# [WHAT THE TASK REQUIRES]
All lines below must be repeated exactly, with the pictures omitted.
────────
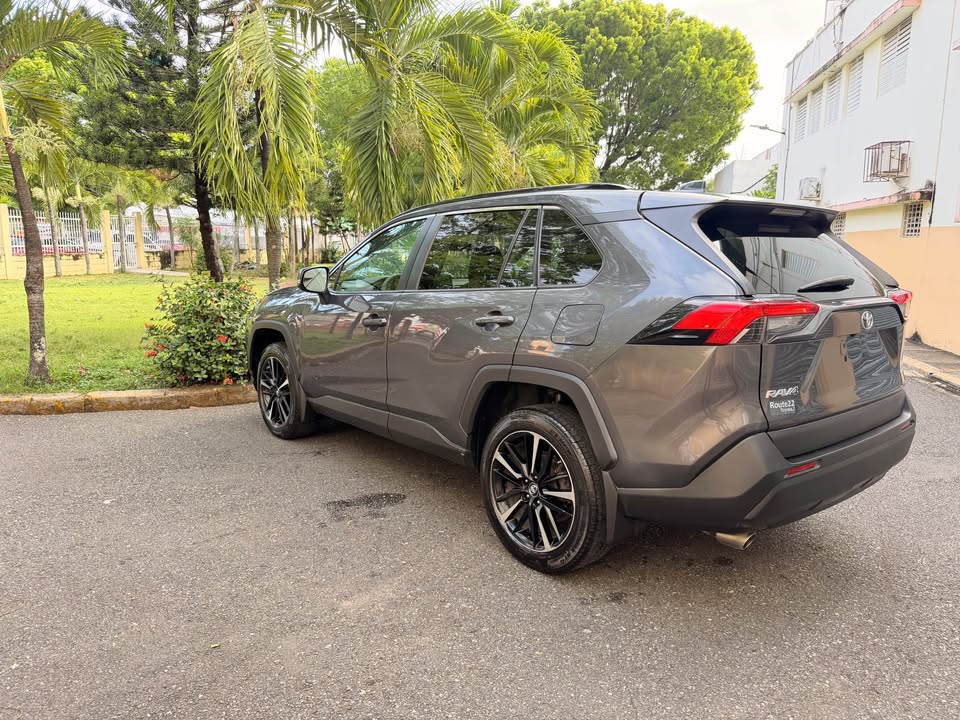 TOYOTA RAV4 LE PLUS 2019  4x4  CLEAN CARFAX EXCELENTE CONDICIONES INTE Foto 7316850-8.jpg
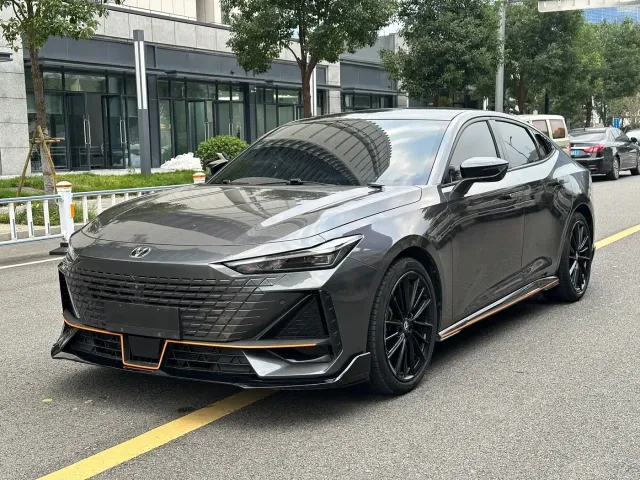 Фотография автомобиля — Changan UNI-V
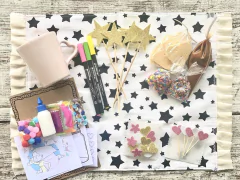 Imagen de Box regalo sorpresa taza para pintar, crear tarjeta y decorar cookies por pedido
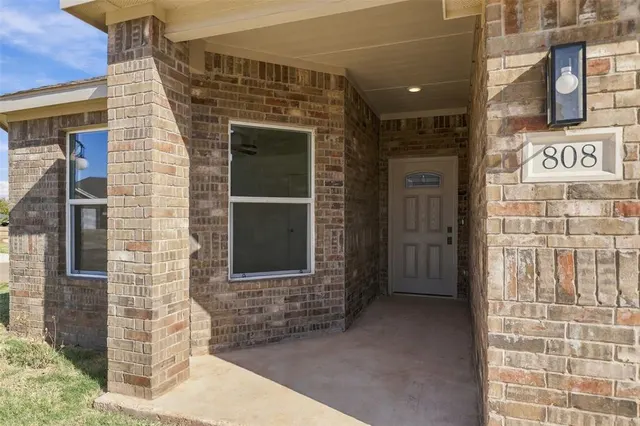 Photo 7 — 807 Chateau Court, Kingfisher, OK 73750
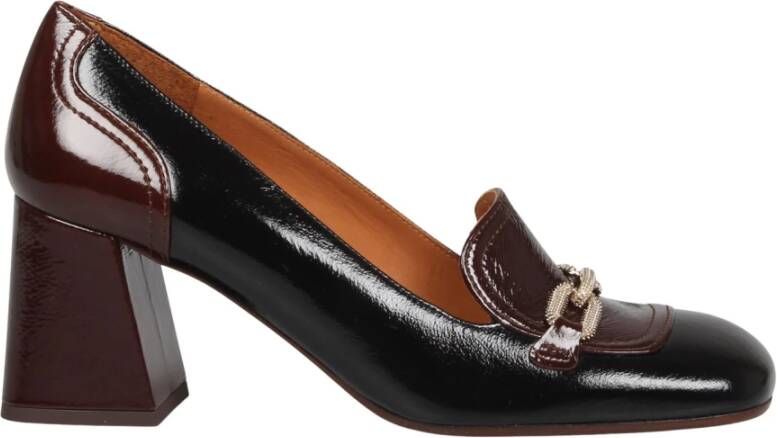 Chie Mihara Glanzende leren pumps met kettingdetail Black Dames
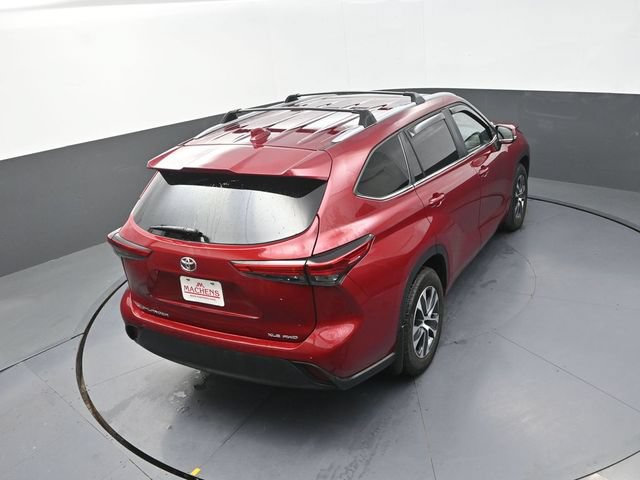 Used 2023 Toyota Highlander XLE AWD/4WD image 29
────────
# [OUTPUT OF THE TASK]
 TOYOTA RAV4 LE PLUS 2019  4x4  CLEAN CARFAX EXCELENTE CONDICIONES INTE Foto 7316850-8.jpg
 Фотография автомобиля — Changan UNI-V
 Imagen de Box regalo sorpresa taza para pintar, crear tarjeta y decorar cookies por pedido
 Photo 7 — 807 Chateau Court, Kingfisher, OK 73750
 Chie Mihara Glanzende leren pumps met kettingdetail Black Dames
 Used 2023 Toyota Highlander XLE AWD/4WD image 29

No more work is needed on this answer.